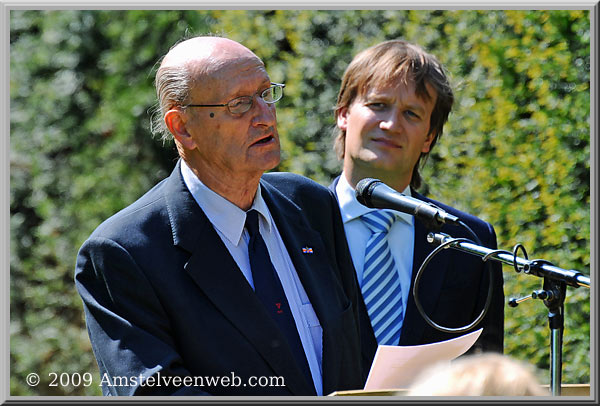 Dachau Amstelveen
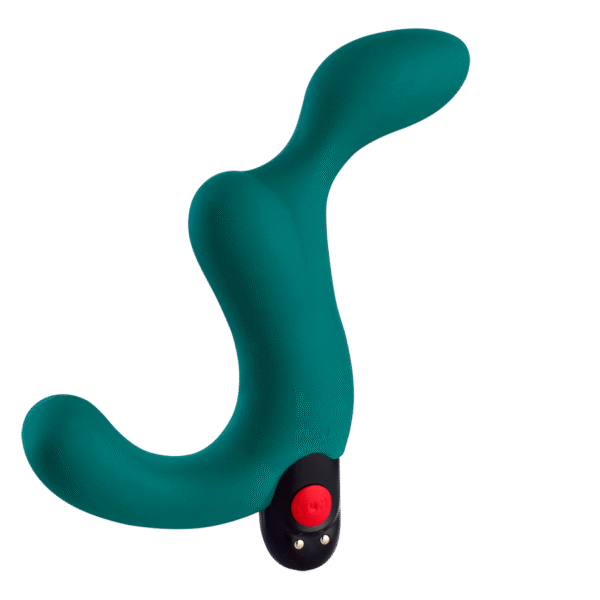 Fun Factory Duke Deep Sea Blue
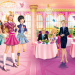 Barbie - Die Prinzessinnen-Akademie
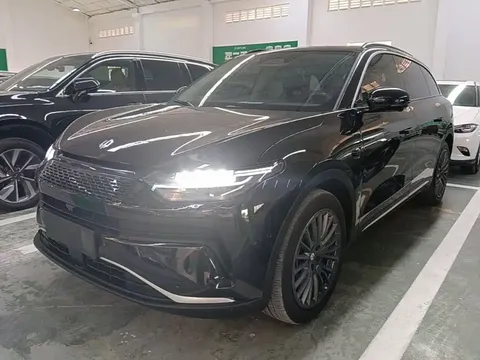 2024 Leapmotor C11 EREV 300 Premium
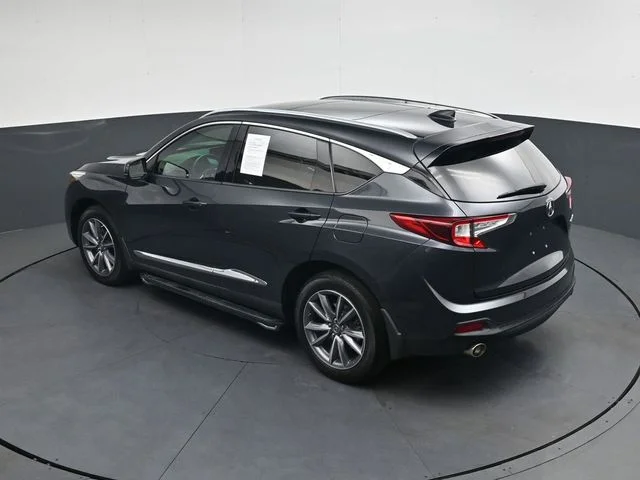 Used 2019  Acura Technology Package image 26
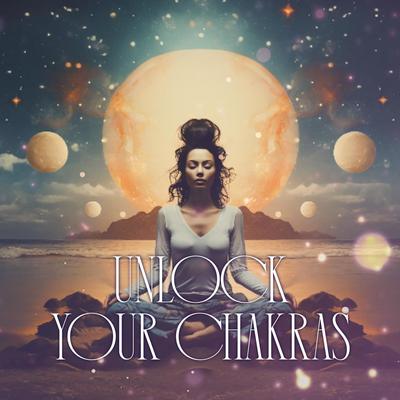 Chakra Balancing Music Oasis's cover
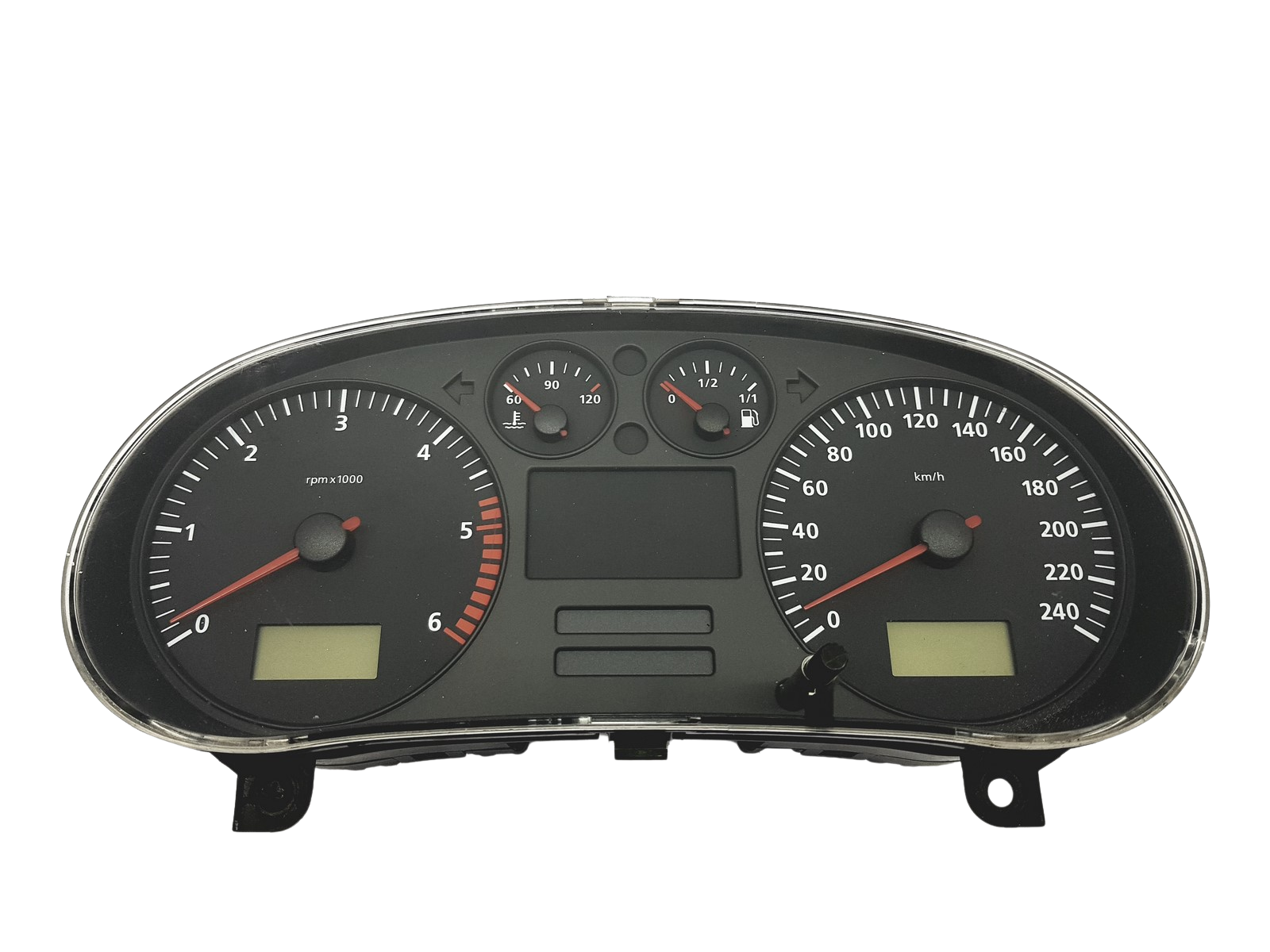 Nopeusmittari Seat Leon W01M0920802D 110080152005 55582 main product photo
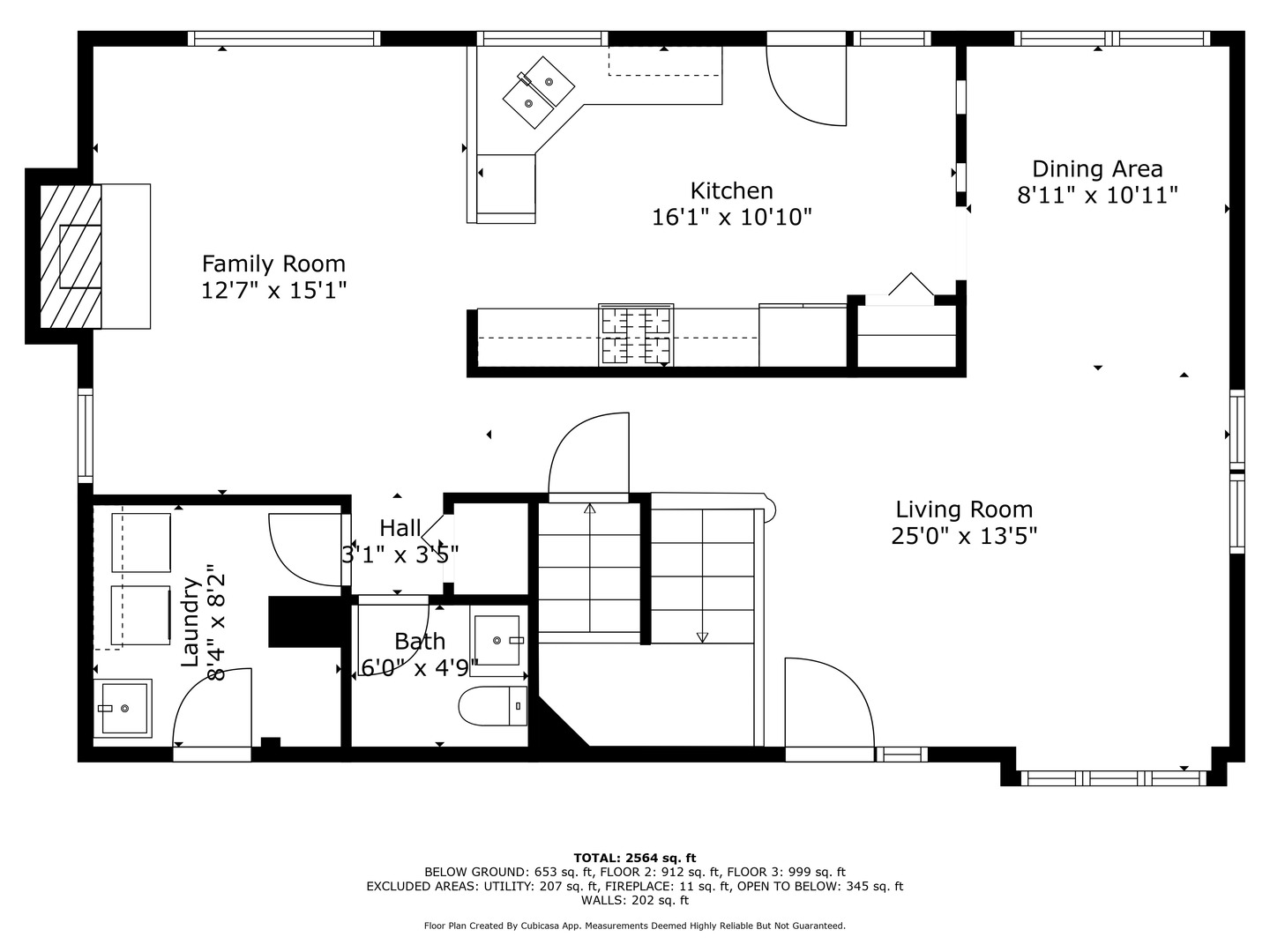 1298 Dunbarton Drive, Aurora, IL 60502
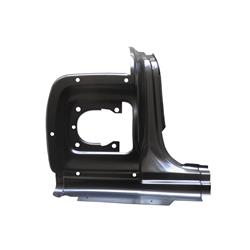 Goodmark Tail Panels for 1965 CHEVELLE, MALIBU - GMK4030844641L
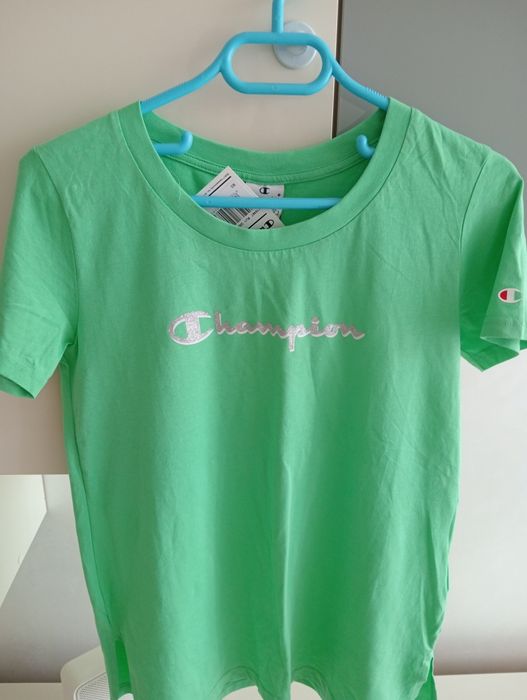 Tricou dama Champion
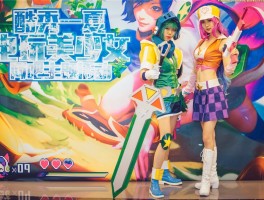 lol酷秀一夏(酷秀show)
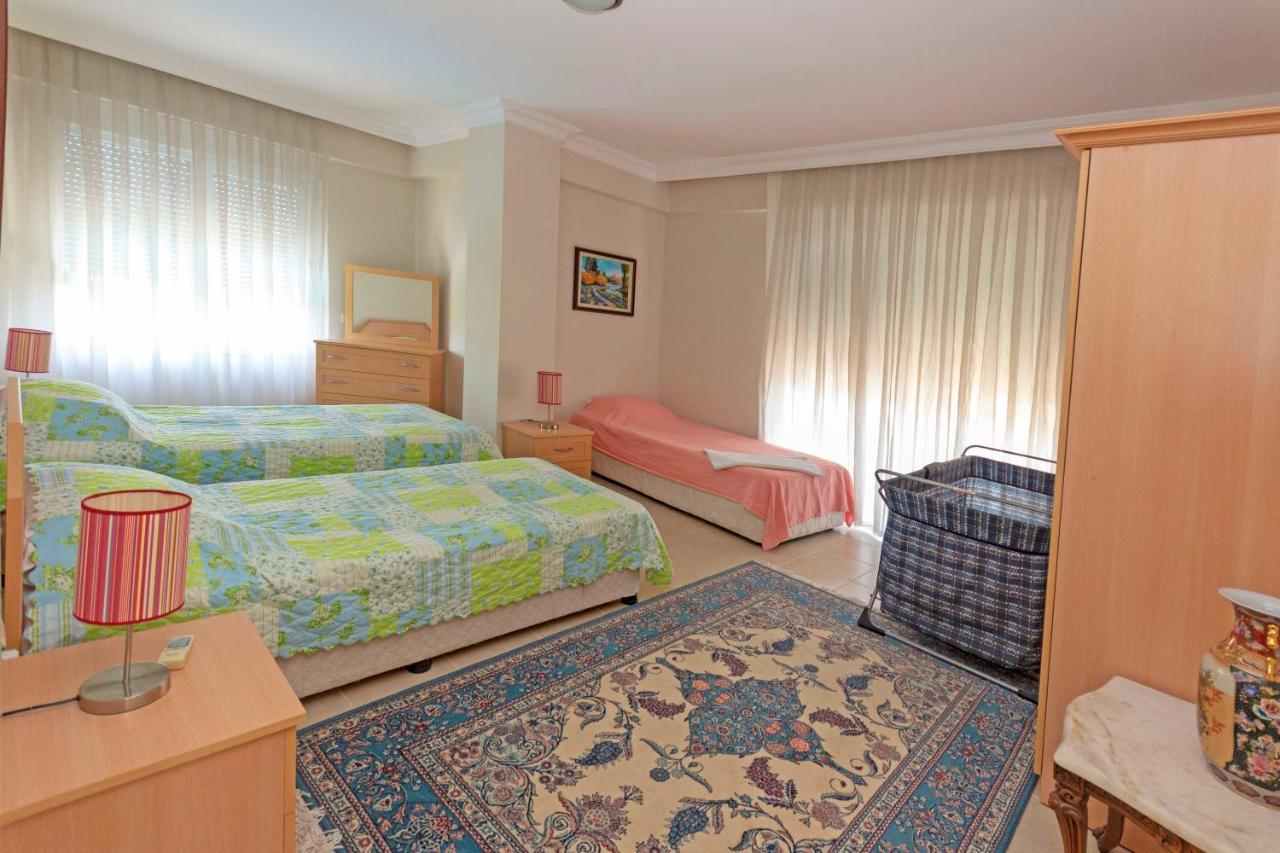 PARADISE TOWN - VILLA ORCHARD — BELEK — fotografie hotel nr. 18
:::::
● **Work to complete**
Give back every record above exactly as written, skipping each picture.

● **Exercise response**
 Dachau Amstelveen
 Fun Factory Duke Deep Sea Blue
 Barbie - Die Prinzessinnen-Akademie
 2024 Leapmotor C11 EREV 300 Premium
 Used 2019  Acura Technology Package image 26
 Chakra Balancing Music Oasis's cover
 Nopeusmittari Seat Leon W01M0920802D 110080152005 55582 main product photo
 1298 Dunbarton Drive, Aurora, IL 60502
 Goodmark Tail Panels for 1965 CHEVELLE, MALIBU - GMK4030844641L
 Tricou dama Champion
 lol酷秀一夏(酷秀show)
 PARADISE TOWN - VILLA ORCHARD — BELEK — fotografie hotel nr. 18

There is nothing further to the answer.